One such young not-so-gentleman (let us call him The Aviator) with a sizeable bulge in both dorsal and ventral pockets currently exists in her life. Well, "exist" may be too tangible a word at the moment. But let us just say that he lives in her phone and pops up to say hello every time he has a rush of testosterone. Come to think of it, that is not a very favorable situation for Eva now, is it? Nonetheless, she suddenly feels as if standards have been set for HER. What is the meaning of Eva not being able to meet the standards of a strong member of the weak-in-the-knees sex? Even with her self-esteem in a limbo, she will limbo lower. 'Cuz bitches be that flexible. 

Our story begins with The Aviator denying runway clearance to Eva's Flight of Fantasy and her room-mate in her hole of a Ladies' Hostel unwilling to discuss this situation in reasonable octaves of Girl-talk. Being of the proportions of Big Bird from Sesame Street, this big bird of a room-mate prefers to live in the ideal world of childhood innocence and constantly lectures Eva about how she should engage in self-improvement and learn to love herself instead of obsessing about love and engagement rings.
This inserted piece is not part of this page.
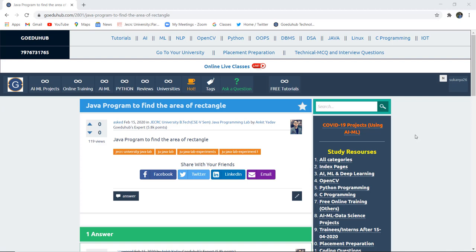How can we write a Java program to find the area of rectangle? Hello everyone, this is Sukanya from GoeduHub Technologies, and in this video we are going to discuss a Java program for calculating the area of rectangle.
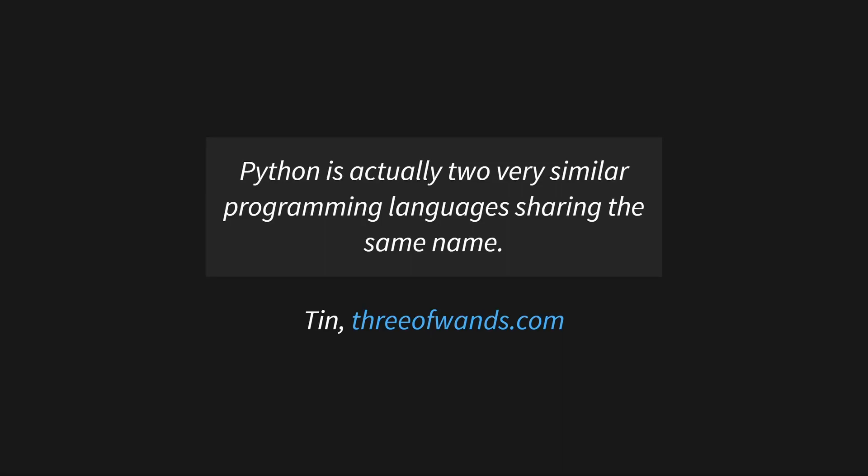Typed and untyped Python are different languages. At least that's the opinion of Tin on the website threeofwands.com. He's written an article explaining where he thinks that Python is actually two languages now and why that's such a good thing.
A motley crew of mostly straight but all sexually frustrated women in the Ladies' Hostel are Eva's emotional and intellectual stuffed toys to keep her sane in her dreams at night. How could any girl ever exist without her band of sighing and cooing pajama buddies, ready to give her boosts of optimism every now and then, anyway?

To Eva's dismay, however, her life isn't about sexy men, a glamorous career, cocktails with the girls and designer hand-bags at all. While this avid re-reader of The Confessions of a Shopaholic series and Swearing-by-Carrie Sex and the City maniac lives in a world of her strong, independent and successful woman fantasy, she is constantly haunted by dead-lines, eat-out budgeting, ex-boyfriend pacification and long caffeinated nights with frizzy pillow hair. Sometimes, her perfectly chick-lit-on-paper life should just be un-leafed and made kites out of.